Lesson 3:
It's a Matter of Freedom
Handout 1
Fighting Rebels With Only One Hand
(by Frederick Douglass, from Douglass' Monthly, September 1861)
What on earth is the matter with the American Government and people?…Washington, the seat of Government…is now positively in danger of falling before the rebel army…Generals are calling…for men. “Men! men! send us men!" they scream, or the cause of the Union is gone…and yet these very officers…refuse to receive the class of men which have a deeper interest in the defeat of the rebels, than all others.

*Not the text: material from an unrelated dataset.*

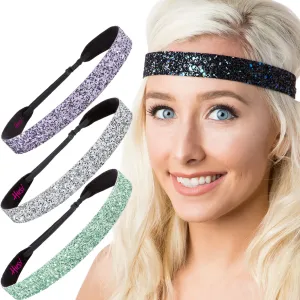 Hipsy Adjustable No Slip Wide Bling Glitter Headband 4-packs for Women Girls & Teens (Seafoam/Peacock/Silver/Princess)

Men are wanted in Missouri--in Western Virginia…in Texas, and all along the sea coast, and though the Government has at its command a class… deeply interested in suppressing the insurrection, it sternly refuses to summon…a single man, and…insults the whole class by refusing to allow any of their number to defend with their strong arms and brave hearts the national cause.

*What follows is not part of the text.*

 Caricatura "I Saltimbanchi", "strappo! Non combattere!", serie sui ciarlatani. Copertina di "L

Why does the Government reject the Negro? Is he not a man? Can he not wield a sword, fire a gun, march…and obey orders like any other?

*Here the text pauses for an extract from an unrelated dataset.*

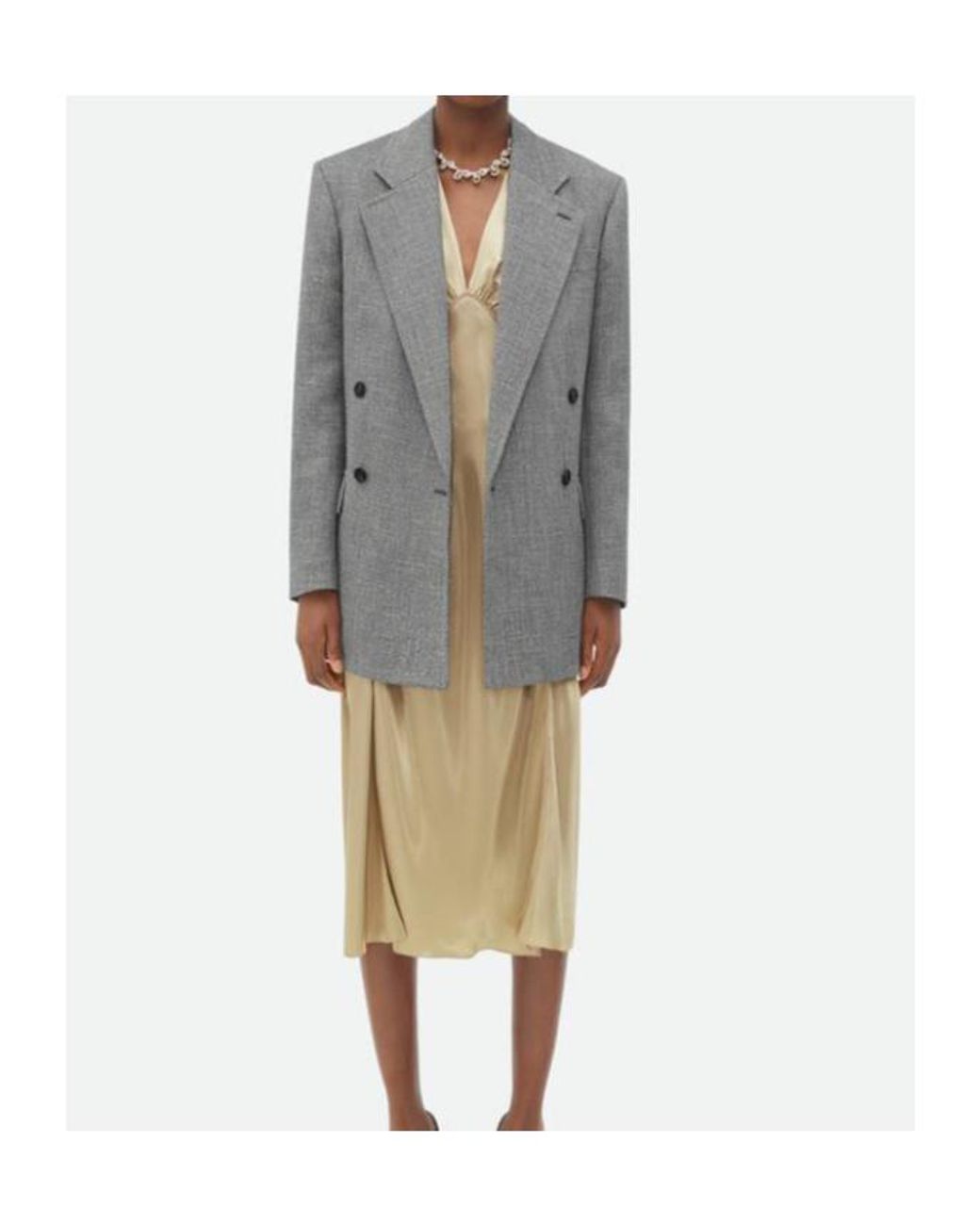 Bottega Veneta Metallic V-Neck Satin Midi Dress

If…we can be allowed to speak to the President of the United States, we should ask him if this…is a time for…prejudice? …We would tell him that General Jackson…fought side by side with Negroes at New Orleans, and he bore testimony to their bravery at the close of the war. We would tell him that colored men in Rhode Island and Connecticut performed their full share in the war of the Revolution. We would tell him that this is no time to fight with one hand, when both are needed; this is no time to fight only with your white hand, and allow your black hand to remain tie. It is now pretty well established, that there are many colored men in the Confederate army doing duty not only as cooks, servants and laborers, but as real soldiers. That the Negroes are numerous in the rebel army, and do for that army its heaviest work, is beyond question…Negroes helped to build the batteries at Charleston. They relieve their…military masters from the drudgery of the camp, and devote them to the…use of arms…the slaveholding rebel accepts the aid of the black man as readily as that of any other. If a bad cause can do this, why should a good cause be less wisely conducted? We insist upon it, that one black regiment…would be worth to the Government more than two of any other. Men in earnest don't fight with one hand, when they might fight with two, and a man drowning would not refuse to be saved even by a colored hand.
- What serious problem did the Union have according to this article?
- What argument was Douglass trying to make to solve the problem?
- Why did he believe African Americans would make good soldiers?